Les Acadiens devraient entreprendre des gestes de réconciliation envers les Micmacs, selon Bernard Richard, conseiller de l’agence Mi’gmaq Child and Family services of New Brunswick. Si aujourd’hui ces deux peuples sont distants, les Micmacs ont joué un rôle crucial dans la survie des Acadiens au temps de la déportation.

Une cinquantaine de personnes ont assisté à la conférence de M. Richard mardi matin à l’occasion d’un déjeuner-causerie au bar l’Igloo de Moncton.

La conférence avait pour but d’encourager les Acadiens à s’intéresser de près aux Autochtones, et ainsi de déployer des efforts de réconciliation.

«La réconciliation, ça ne se passe pas juste entre gouvernements. Ça peut se passer entre citoyens», indique Bernard Richard.

À titre d’exemple, des échanges sont d’ailleurs organisés depuis un an de temps à autre entre les écoles Père-Edgar-T.-Leblanc et l’école primaire d’Elsipogtog.

Lors de ces journées d’échanges, les élèves participent à des activités culturelles tant micmaques qu’acadiennes. La préparation de mets de cuisine traditionnelle et l’apprentissage de langue ont été au menu.

«Je pense qu’il faut multiplier ces initiatives pour apprendre à se connaître, à se comprendre. On finira à mieux se respecter.»

Les deux communautés n’osent pas discuter de leurs particularités culturelles, selon M. Richard.

«Il y a une distance qui s’est établie avec le temps. Ce n’était tellement pas le cas au début de la colonie.»

Au fur et à mesure des guerres, des préjugés sont nés entre les deux communautés.

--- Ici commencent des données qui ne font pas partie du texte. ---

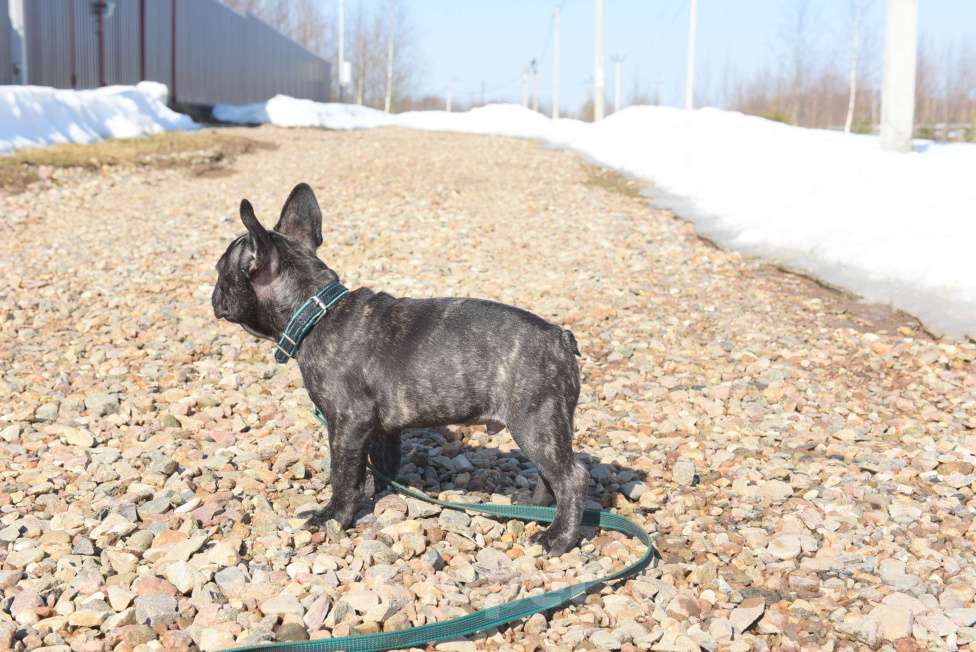 Собаки в Москве: Тигровый мальчик Мальчик, 45 000 руб. - фото 10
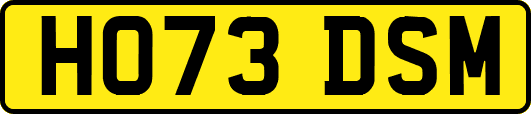 HO73DSM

«Étant donné qu’on ne se connait pas, on se crée des images de l’autre. Il y a du racisme qui s’est installé. C’est indéniable. Il faut renverser cette tendance-là.»

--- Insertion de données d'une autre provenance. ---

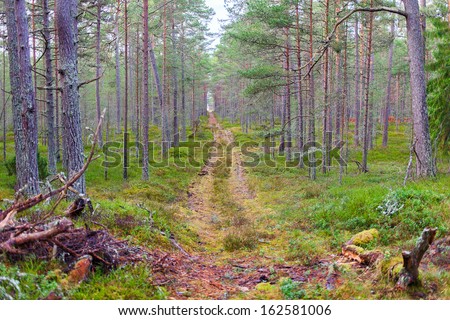 Straight path in young forest.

Il considère que les Acadiens devraient au contraire être les alliés des autochtones, eux-aussi victimes de discrimination de leur côté.

Il a voulu rappeler à l’audience le rôle crucial que les Micmacs ont eu dans l’histoire acadienne. Les descendants français vivaient à l’époque dans des conditions exécrables.

«Beaucoup d’Acadiens ont survécu grâce à leur alliance et la relation très positive qu’ils avaient établie avec les Micmacs.»

Retrouver cette relation de complicité et d’échange est l’objectif du M. Richard. Pour y arriver, les Acadiens devront d’abord cesser d’avoir des préjugés envers les Micmacs et par la suite, faire des gestes concrets pour connaître davantage leur culture, entre autres assister à leurs cérémonies traditionnelles.

«Les plus grandes communautés organisent chaque année des pow-wow, c’est très coloré et vivant. Les costumes sont magnifiques. Il faut y participer».

Non étranger aux difficultés vécues par les peuples autochtones, le conseiller pour Mi’gmaq Child and Family services of New Brunswick a publié le rapport «Main dans la main» en 2010.

À l’époque, il était ombudsman et défenseur des enfants et de la jeunesse. Il avait recommandé au sein du rapport des changements majeurs au système de bien-être de l’enfance pour les Premières Nations.